What the exercise asks: Using the entries below, copy exactly each line from the line with "[호텔경영전략] 대부업체 피해사례 및 대처방안-4" up to and including the line with "ซีรีส์ใหม่ ‘คิมซูฮยอน’ การกลับมา", with every picture left out.

------ Raw data

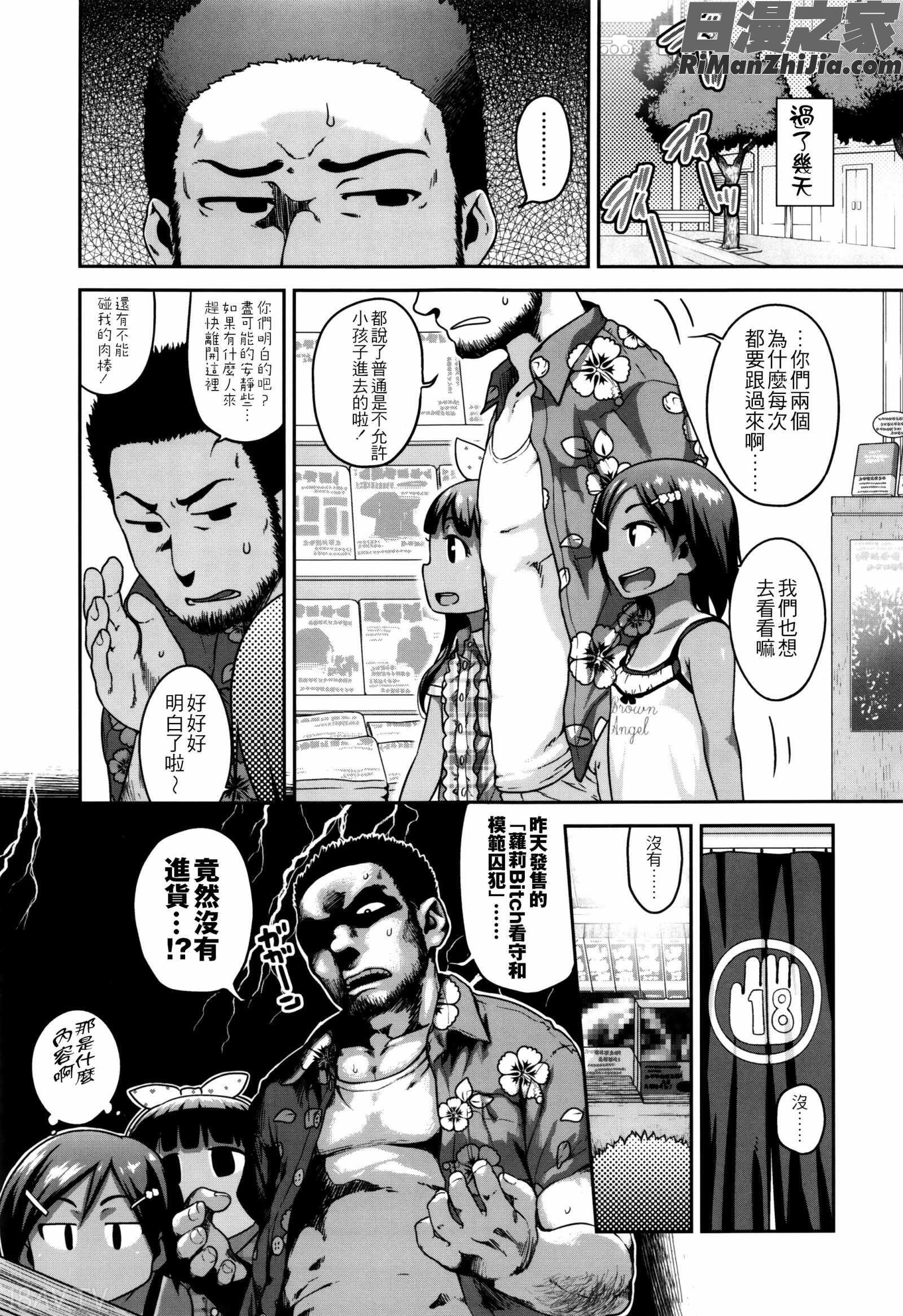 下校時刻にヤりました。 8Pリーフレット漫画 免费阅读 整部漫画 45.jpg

------------
------ Raw data

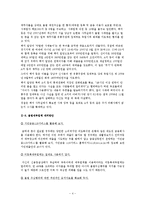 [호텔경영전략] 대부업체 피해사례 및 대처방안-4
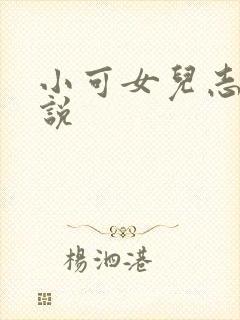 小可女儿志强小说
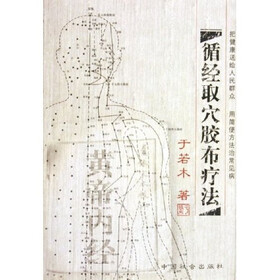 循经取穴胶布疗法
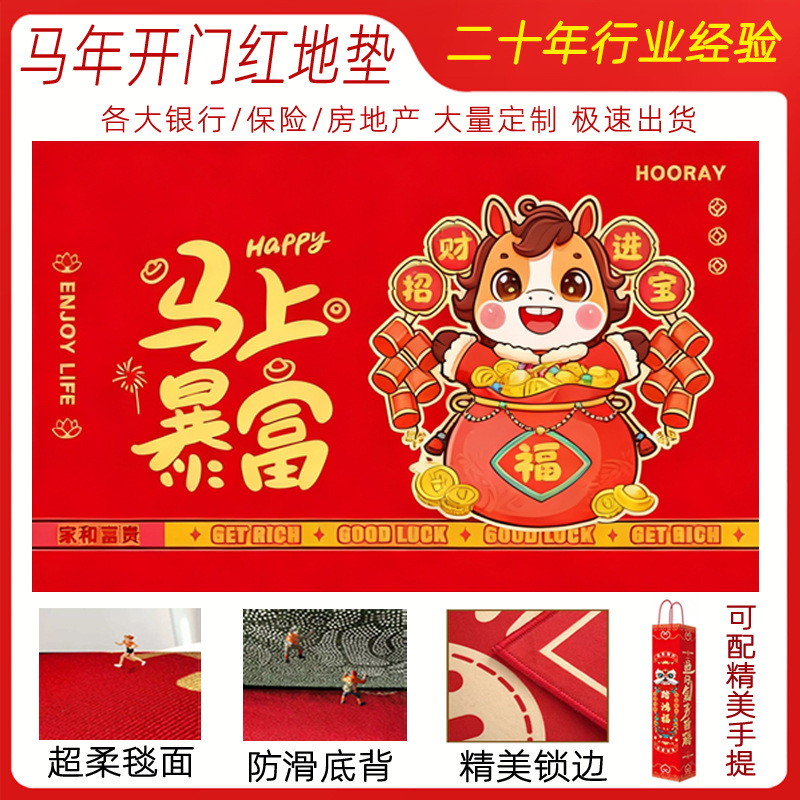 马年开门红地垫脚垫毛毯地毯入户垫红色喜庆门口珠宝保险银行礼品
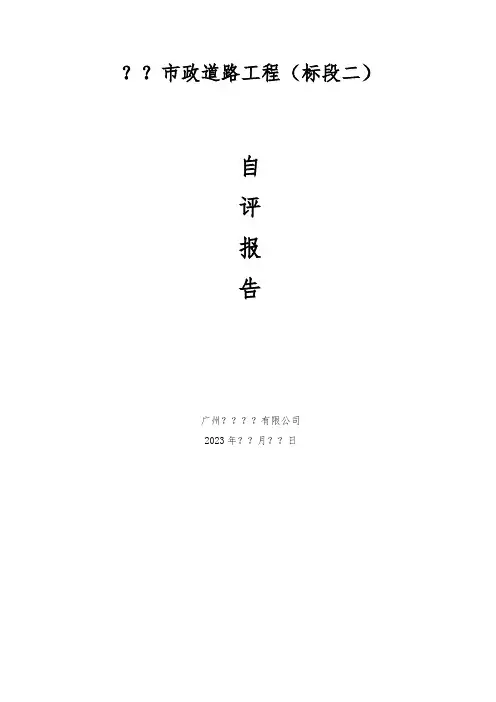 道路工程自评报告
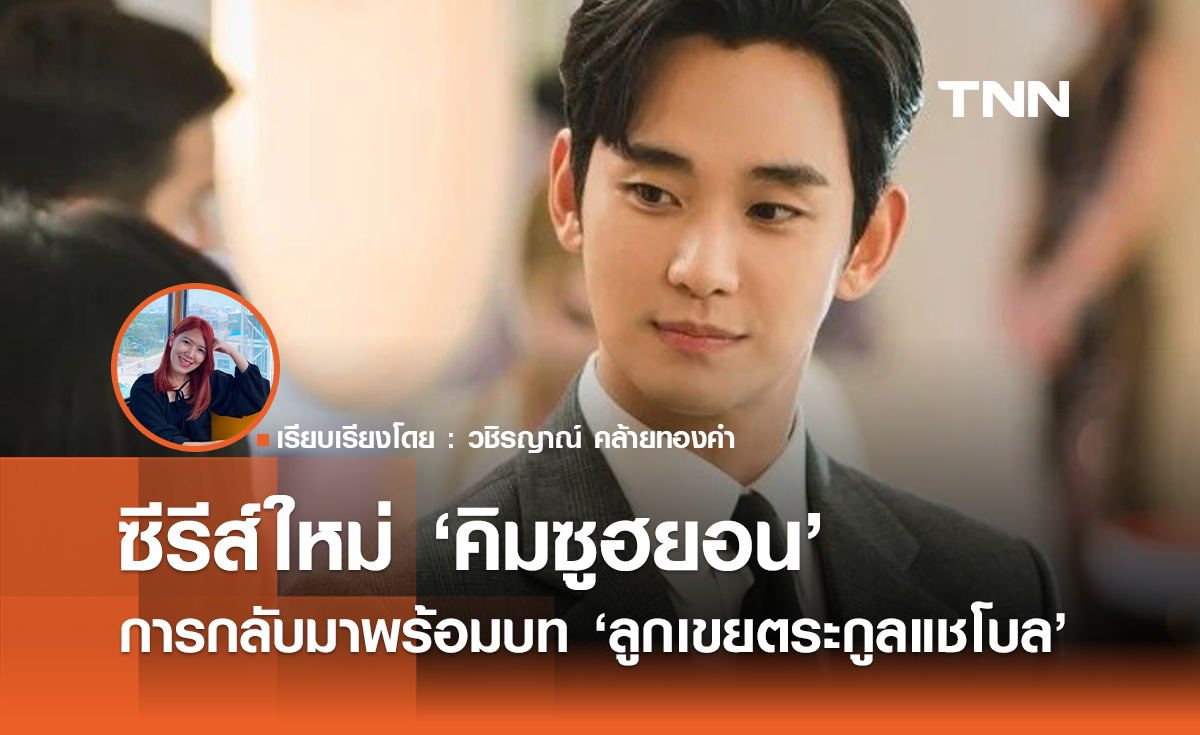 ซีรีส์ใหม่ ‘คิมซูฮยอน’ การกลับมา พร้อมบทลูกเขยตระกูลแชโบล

------------

Your response:
 [호텔경영전략] 대부업체 피해사례 및 대처방안-4
 小可女儿志强小说
 循经取穴胶布疗法
 马年开门红地垫脚垫毛毯地毯入户垫红色喜庆门口珠宝保险银行礼品
 道路工程自评报告
 ซีรีส์ใหม่ ‘คิมซูฮยอน’ การกลับมา พร้อมบทลูกเขยตระกูลแชโบล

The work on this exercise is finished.